◆ PROBLEM TO SOLVE ◆
Go through the entries and transcribe each one exactly, dropping the pictures.

##### WORKING DATA #####

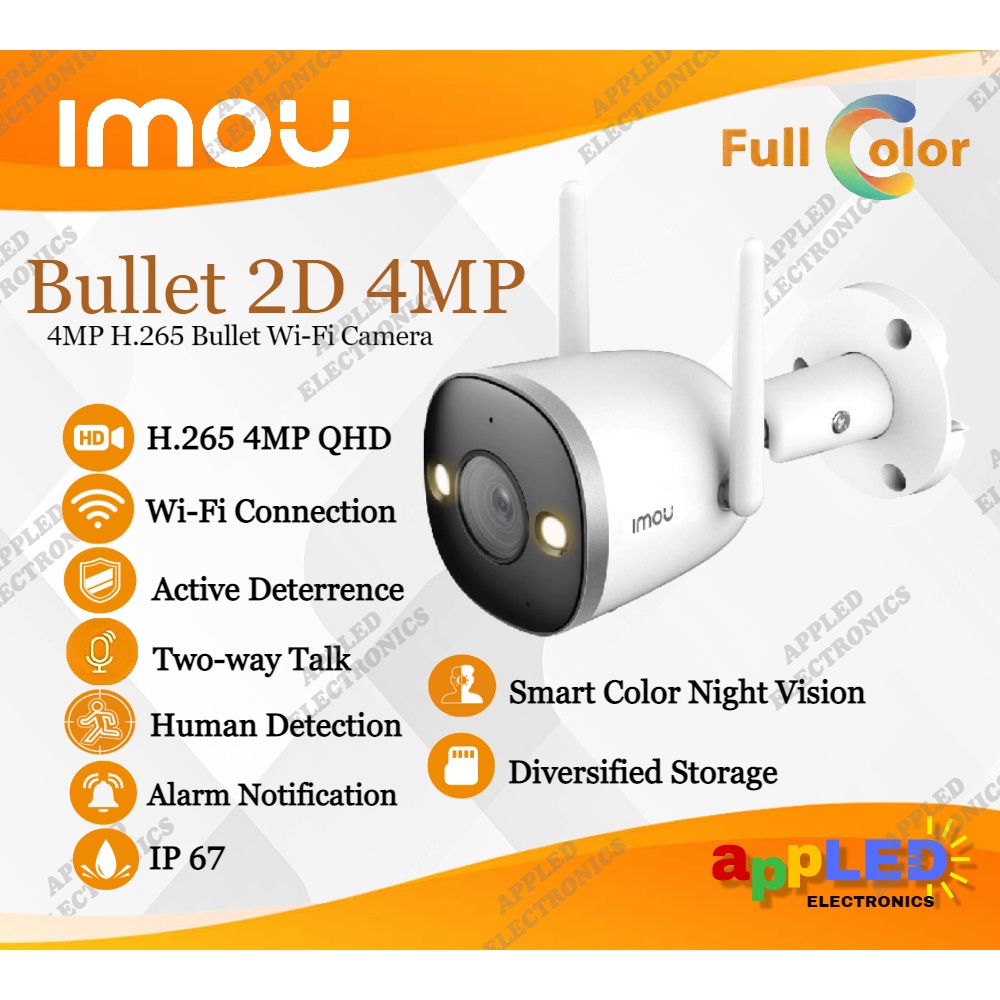Imou Bullet 2 4MP 4MP Wifi Camera Dual Antenna IP67 with Mic and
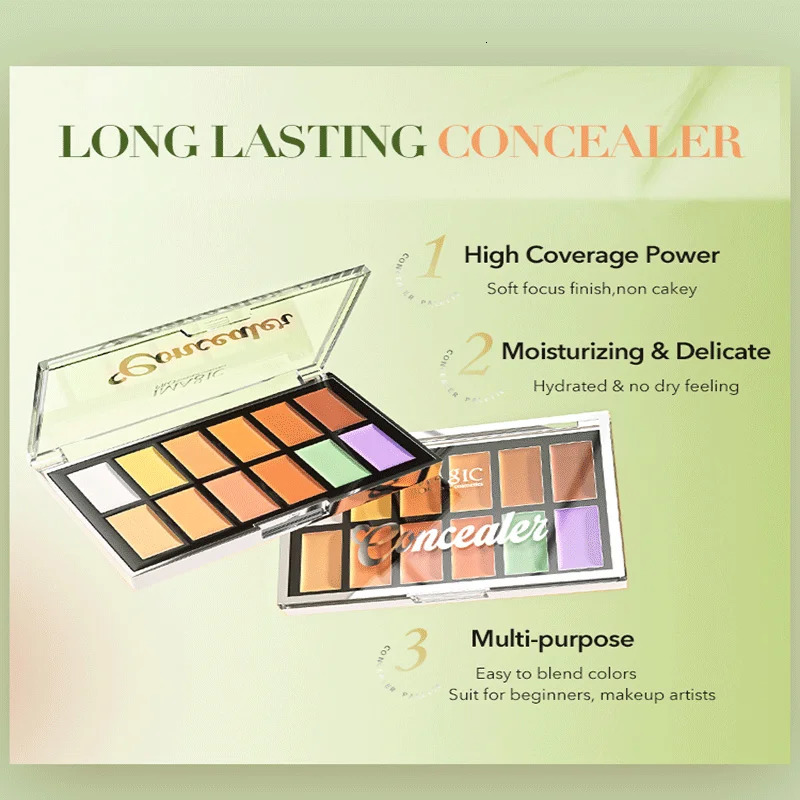 IMAGIC 12-Color Concealer Foundation Cream Covers Marks Dark Circles Full Coverage Suit for All Skin Primer Makeup Cometics 250512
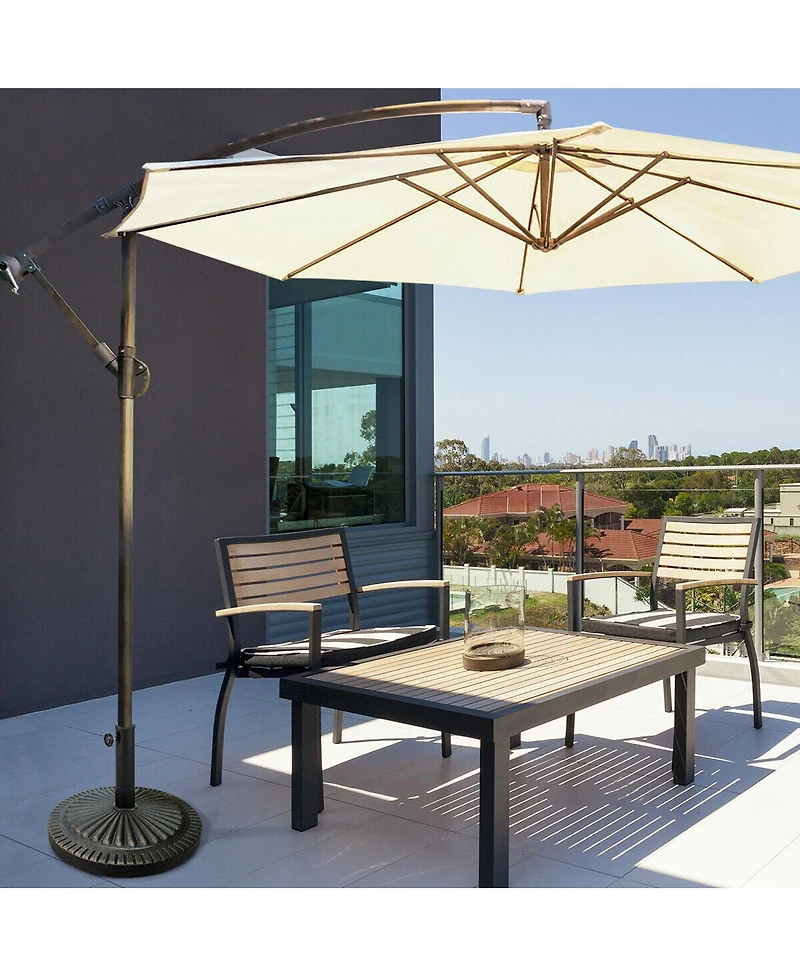 Slickblue Heavy-Duty Outdoor Stand Bronze Umbrella Base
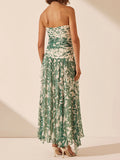 Artistic Retro Style Print Thoracic Dress 2025 New Temperament Design Folded Long Mesh Dress Woman 68HZ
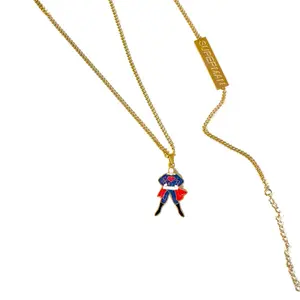 Necklace with Superman Charm and Gold Chain Simple Design Jewelry Piece Featuring Iconic Superhero Pendant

#####

◆ YOUR SOLUTION ◆
Imou Bullet 2 4MP 4MP Wifi Camera Dual Antenna IP67 with Mic and
 IMAGIC 12-Color Concealer Foundation Cream Covers Marks Dark Circles Full Coverage Suit for All Skin Primer Makeup Cometics 250512
 Slickblue Heavy-Duty Outdoor Stand Bronze Umbrella Base
 Artistic Retro Style Print Thoracic Dress 2025 New Temperament Design Folded Long Mesh Dress Woman 68HZ
 Necklace with Superman Charm and Gold Chain Simple Design Jewelry Piece Featuring Iconic Superhero Pendant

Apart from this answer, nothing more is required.